I recall that there were times when the referee was inexplicably distracted during a match, whereupon one wrestler would quickly take a cloth soaked in an unknown substance, show it gleefully to the audience, and apply it to his opponent’s face so as to anesthetize or seemingly kill him, such that the opponent would immediately collapse in the ring, at which point the referee would suddenly no longer be distracted, turn around, notice the fallen wrestler unable to rise and declare the wrestler who applied the illegal substance to the downed wrestler as the winner. This would happen all the time, as a wrestler, his coach or an unknown person in the audience would distract the referee for just enough time for another wrestler to render his opponent unconscious or bruise him bloodily by piercing him in the face with a steel bar “hidden” in his pants or by breaking a heavy object on his head, after which the referee would suddenly turn back around and award the offender with a victory, for the opponent assumedly lost in a fair fight, the end of which the referee conveniently happened to miss while distracted. (For some reason, paramedics were never called in, and the loser always got up and walked back to his locker room as he angrily mumbled, “Next time!”)

I remember how the fans were so incredibly frustrated, as the referee was oblivious to the obvious injustice that occurred moments ago. It happened every week, and each time, the winner “stole” the match by cheating. Or so it appeared.

The exasperated fans failed to realize that it was all orchestrated to occur that way. It was part of a master plan, carefully schemed and rehearsed to yield the desired result.

And so is it in life, lehavdil, that matters that might seem unjust to the average person and which determine major events in the global annals of humanity are in fact under the full and unmitigated control of Hashem. We must accept what happens and not be frustrated by the seeming injustices, as we view the picture from a Torah perspective of Hashgocha Protis and not from the perspective of ignorant and unrefined professional wrestling fans.

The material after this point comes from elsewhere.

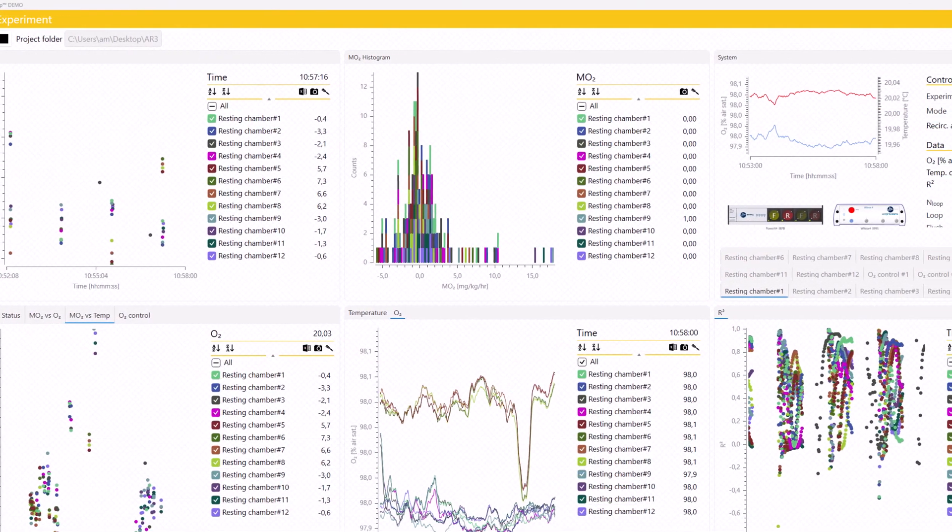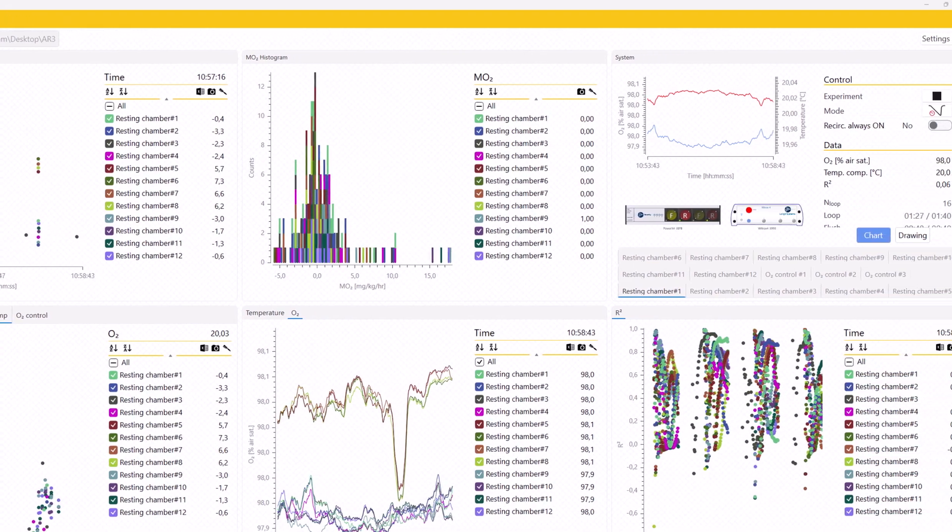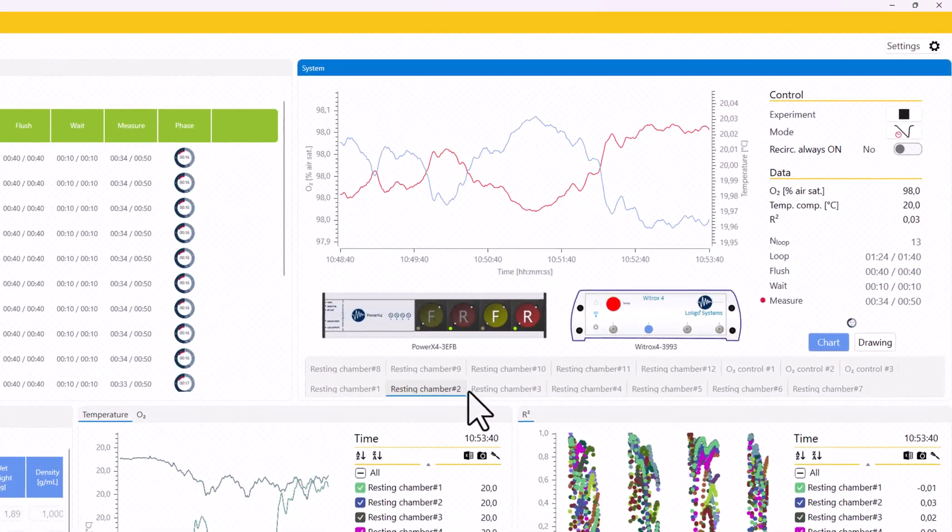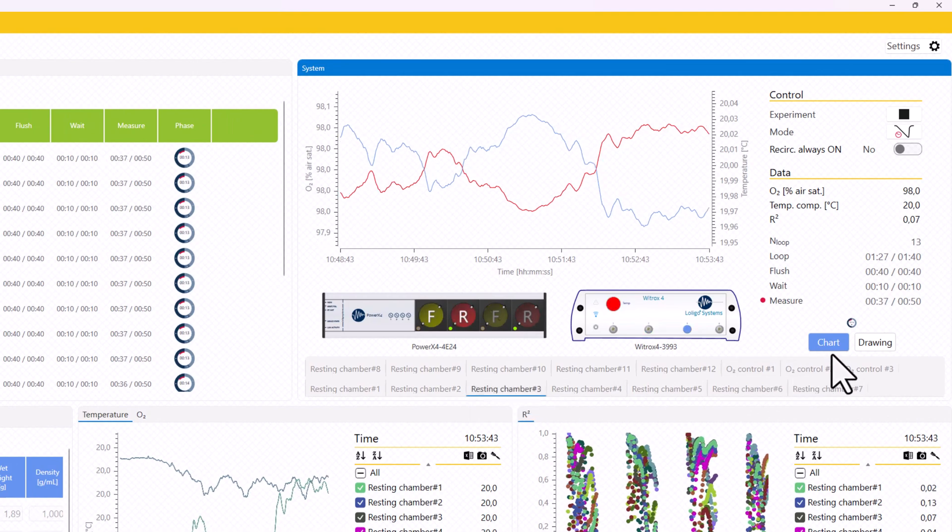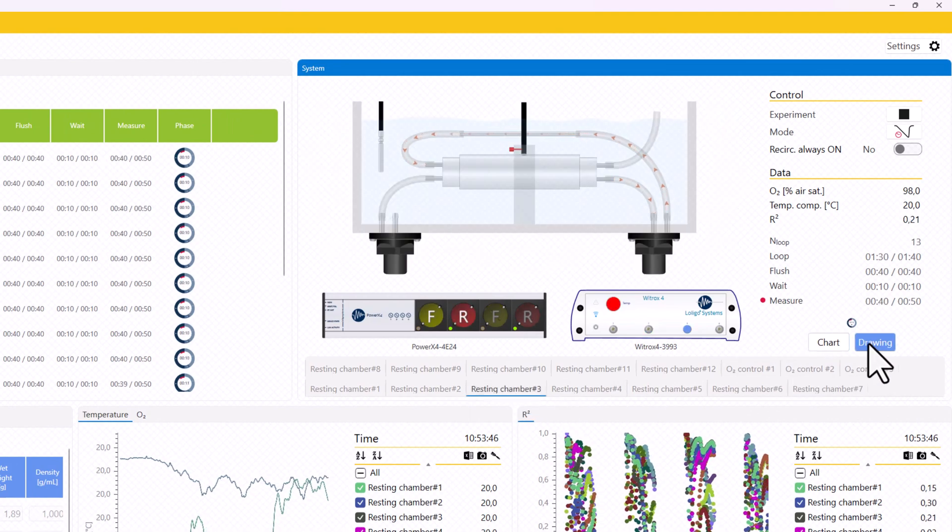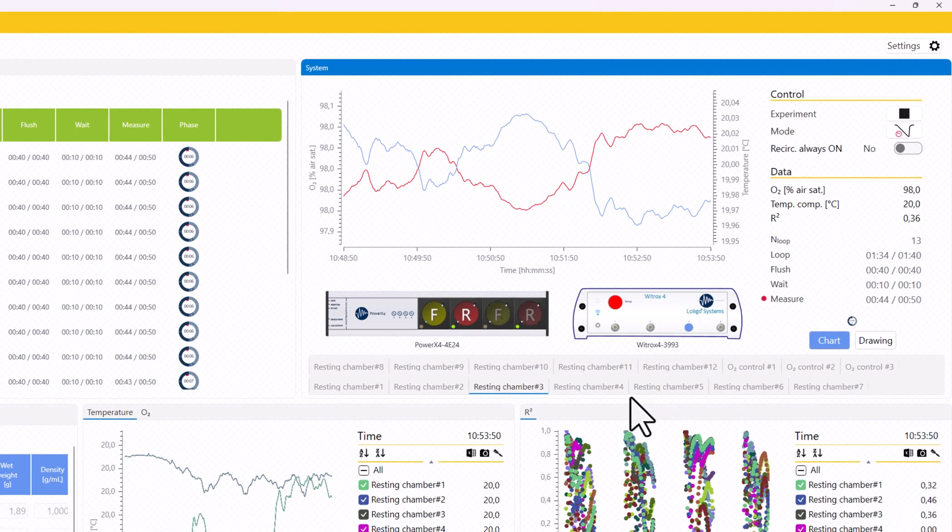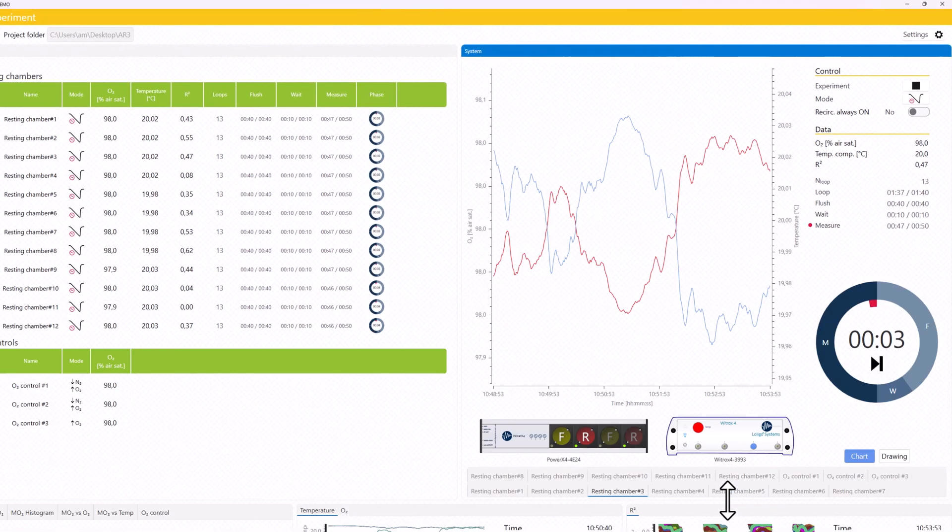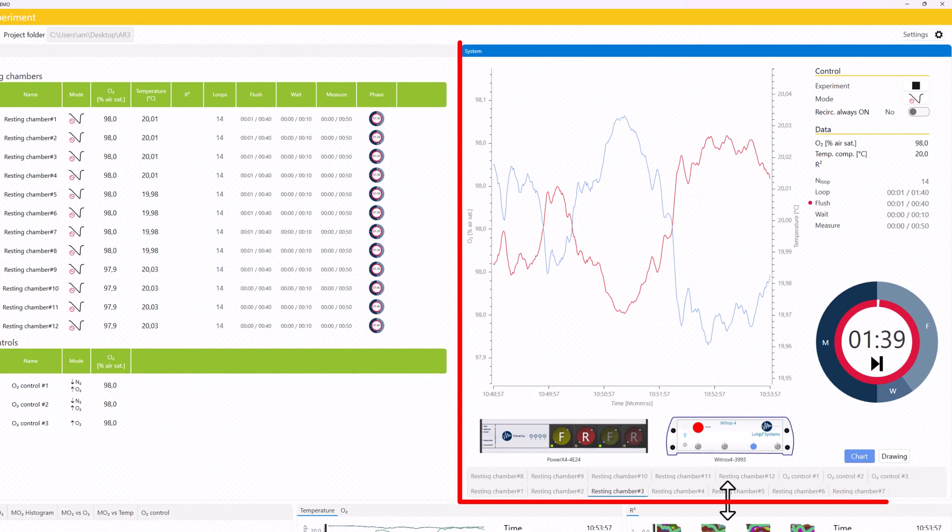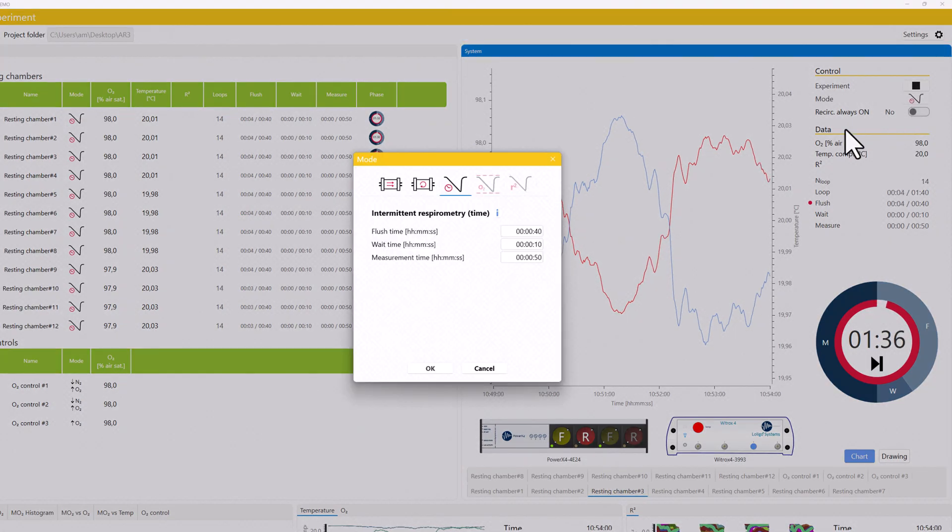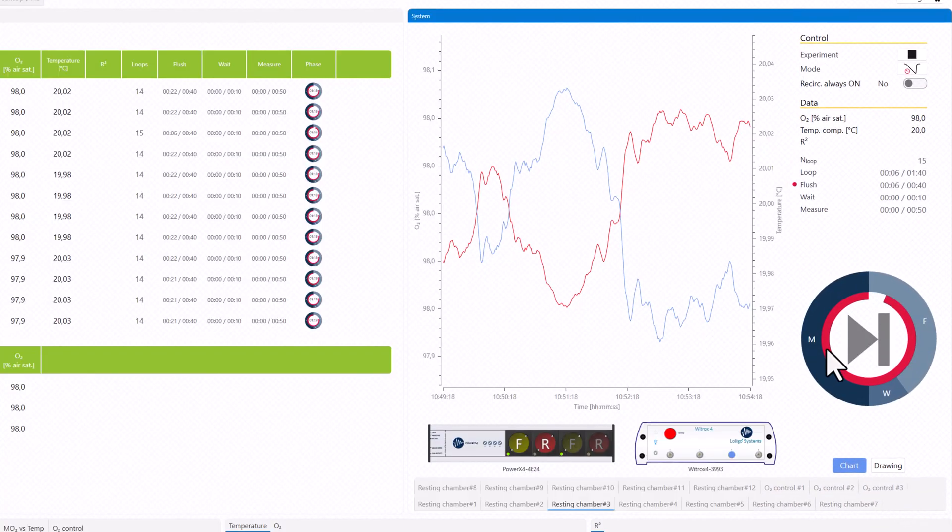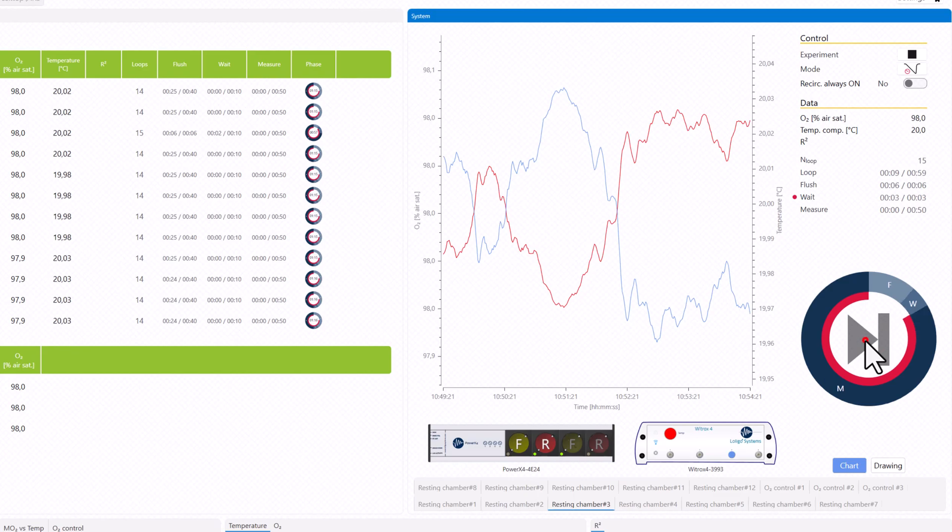Autoresp3 is centered around high-throughput data collection and independent control of each chamber. Multi-channel setups can be monitored and controlled in real-time. Each setup also has a dedicated system tab showing you vital information and control options throughout the experiment. And the new phase meter helps you keep track of each phase in each setup.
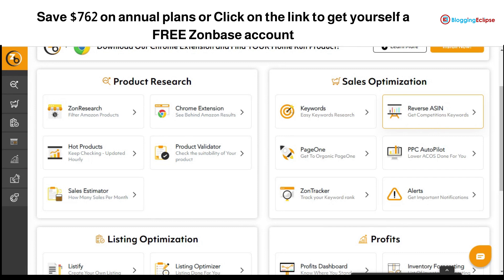Another section that really attracted me was the PPC Autopilot. PPC stands for Pay-Per-Click and is essentially a marketing strategy. PPC can help you understand and improve your marketing strategies in terms of Amazon selling and related operations.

As the Ramban essentially explains, there are two levels to such situations: Hashem’s master plan for Klal Yisroel and the world is fulfilled, while those who chose to act wrongly will be punished by Hashem in the time to come. We need not and should not get upset, attributing that which happens to people’s corrupt actions, cheating and lies. They will be held accountable for sure, but the emes is that Hashem’s Hashgocha is at work, and it is often inscrutable and unable to be understood by the finite human mind.

Secular Chareidim

I discussed the topic of political obsession and lack of inspiration on the part of some frum Jews with a family member last week and was told in response that this person’s rosh yeshiva blames the internet and social media for people going off the derech. I initially wondered how to interpret this, as the rosh yeshiva did not refer to people reading kefirah online or being exposed to inappropriate material, which of course can really damage a person’s ruchniyus. It then struck me that the rosh yeshiva was referring to the above phenomenon, in which people become infatuated with political or social endeavors, due to the ease of immersion therein through electronic media, and come to accept the values presented there, which they unknowingly absorb over time. Eventually, Torah commitment and belief become mere formalities that “get in the way” of what these people feel is really important. The result after a while might be a person who is off the derech totally, or might be the emergence of “secular chareidim” – people who look like bnei Torah and fully adhere to the Torah’s “rituals,” but whose belief system is thoroughly foreign to the Torah, as they attribute world events to political strategies, economics, media manipulation and perhaps “luck.”

Let us take a step back and realize that just like Yosef’s trip to Shechem might have seemed absurd from a secular perspective, but was in fact Hashgochas Hashem, so too is all that transpires the work of the G-d of history, and that the apparently unholy mechanisms at play are indeed geared to ultimately fulfill His Will.